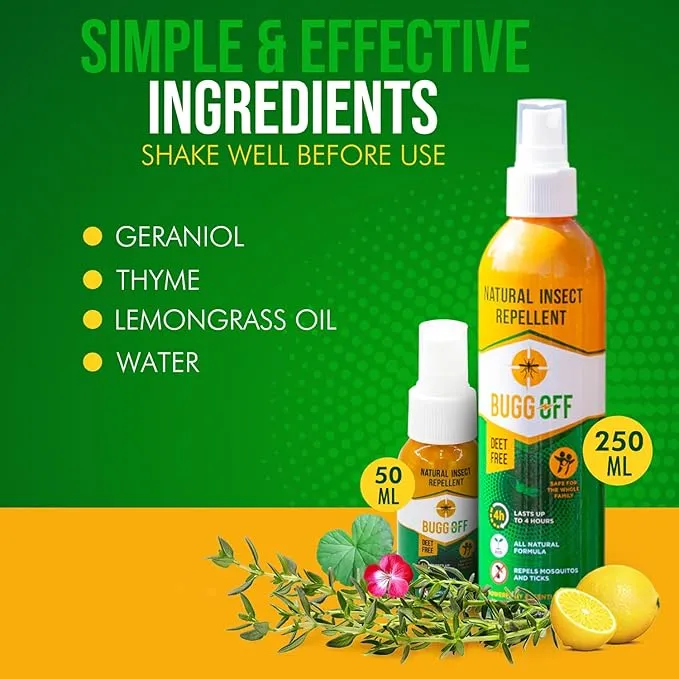 Natrual Mosquito, Gnats & Tick Spray Repellent, 8.5 FL OZ (250ml) Deet Free, Made with Essential Oils, Lasts up to 4 Hours Original (1, 8.5Oz)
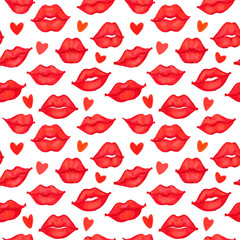 Fototapeta premium Hand draw crayons seamless pattern. Grunge stamps illustration. Lips, kiss, heart doodles collection. Symbol of love. Isolated on white background. Wedding or Valentine's template. Romantic design.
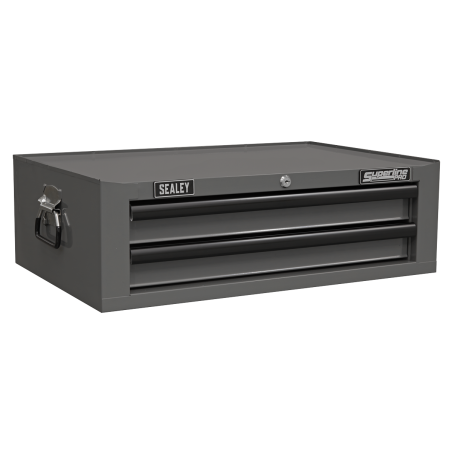 Mid-Box Tool Chest 2 Drawer with Ball-Bearing Slides - Grey/Black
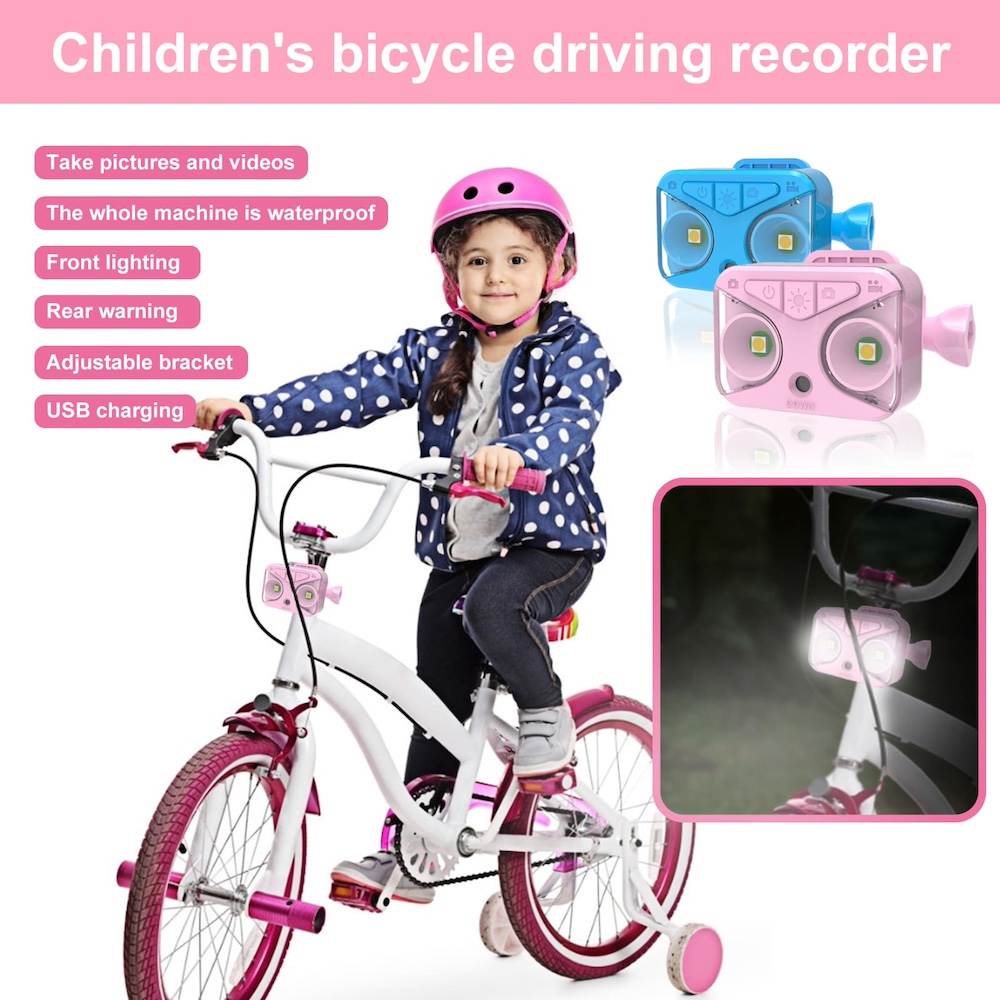 Kamera rowerowa dla dzieci ze światłem rowerowym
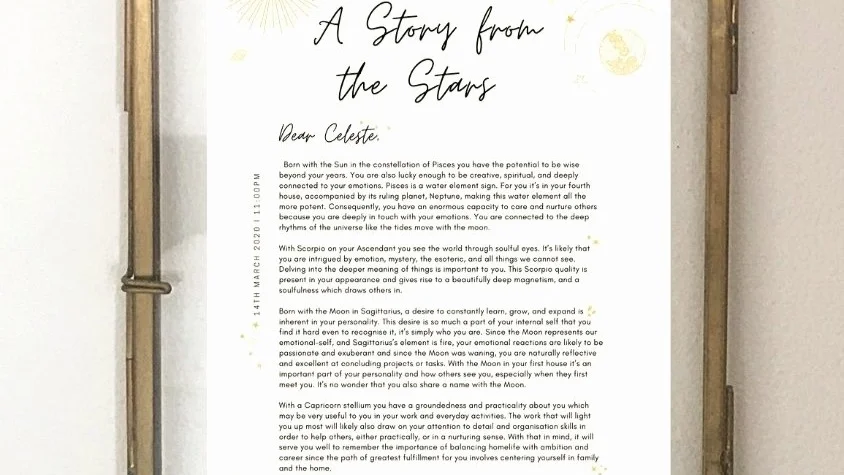 Story from the Stars gift birth-chart readings by The Alchemy Co
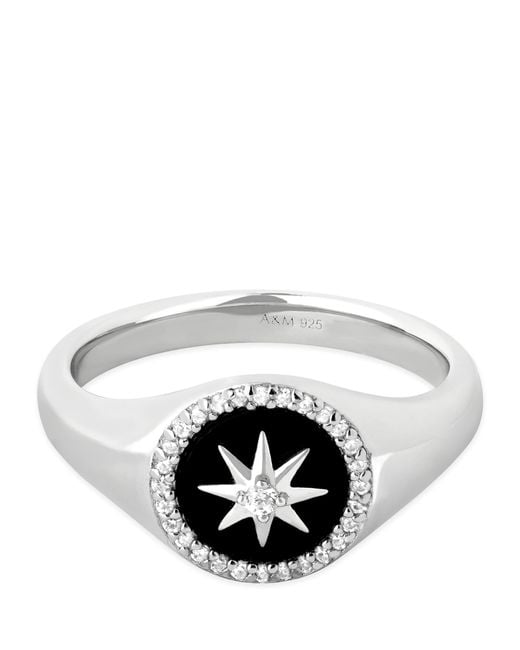 Astrid & Miyu Metallic Sterling Crystal Scatter Band Ring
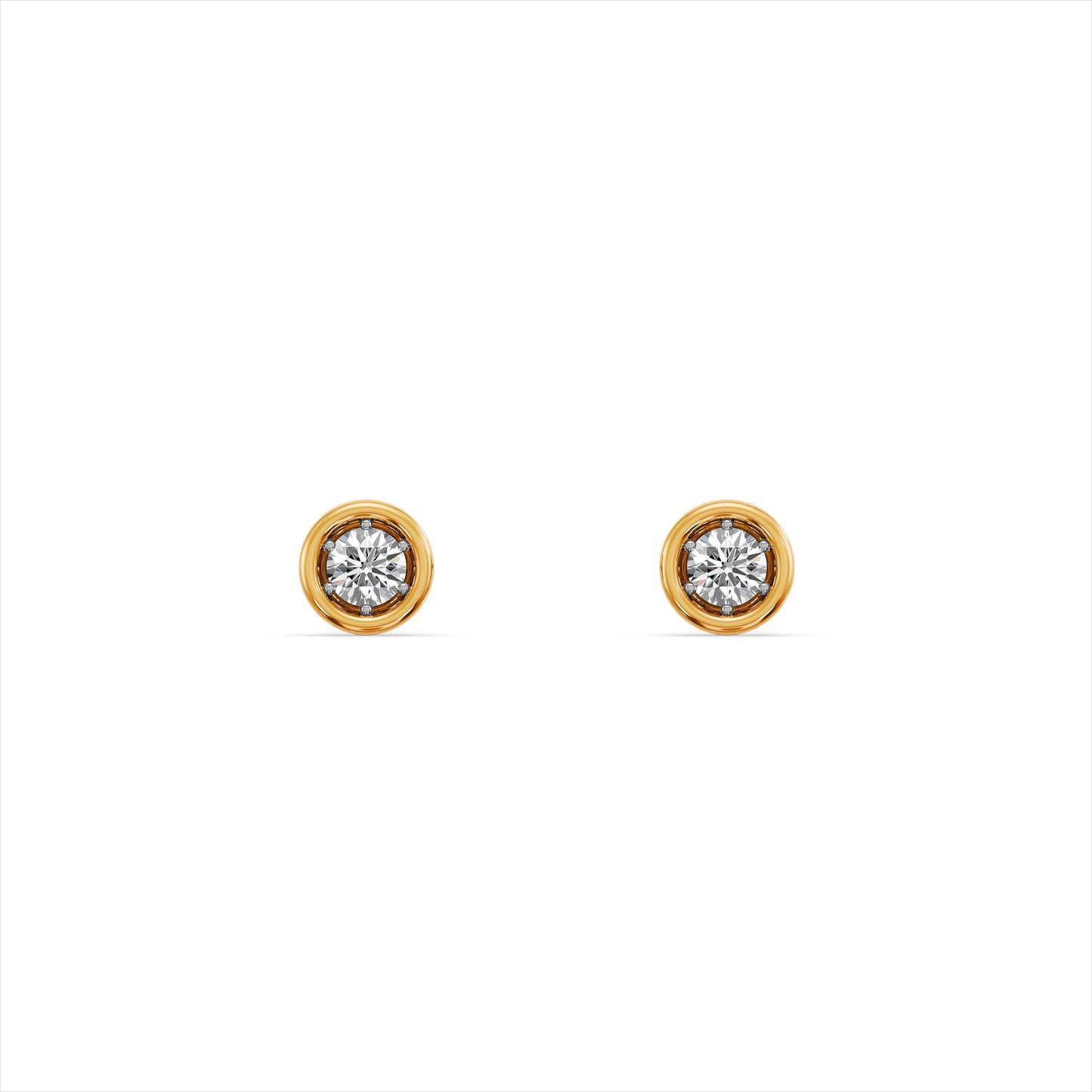 Sculpt 9KT Gold Laboratory Grown Diamond Studs for Multiple Piercings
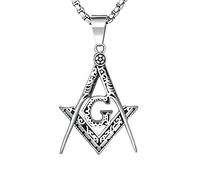 NIGHTCRUZ Collier maçonnique en acier inoxydable avec pendentif franc-maçonnerie pour homme et femme, Acier inoxydable, Pas de gemme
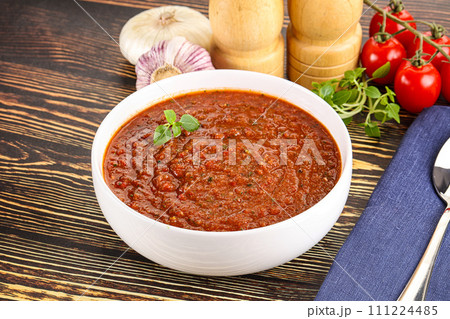 Spanish traditional gazpacho tomato soup 111224485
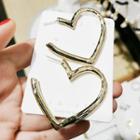 Alloy Heart Earring 1 Pair - As Shown In Figure - One Size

== Activity ==
Begin with the line containing "Mid-Box Tool Chest" and end with the last line of the entries above. Copy those lines exactly, both ends included, and drop every picture.

== Answer to this task ==
 Mid-Box Tool Chest 2 Drawer with Ball-Bearing Slides - Grey/Black
 Kamera rowerowa dla dzieci ze światłem rowerowym
 Story from the Stars gift birth-chart readings by The Alchemy Co
 Astrid & Miyu Metallic Sterling Crystal Scatter Band Ring
 Sculpt 9KT Gold Laboratory Grown Diamond Studs for Multiple Piercings
 NIGHTCRUZ Collier maçonnique en acier inoxydable avec pendentif franc-maçonnerie pour homme et femme, Acier inoxydable, Pas de gemme
 Spanish traditional gazpacho tomato soup 111224485
 Alloy Heart Earring 1 Pair - As Shown In Figure - One Size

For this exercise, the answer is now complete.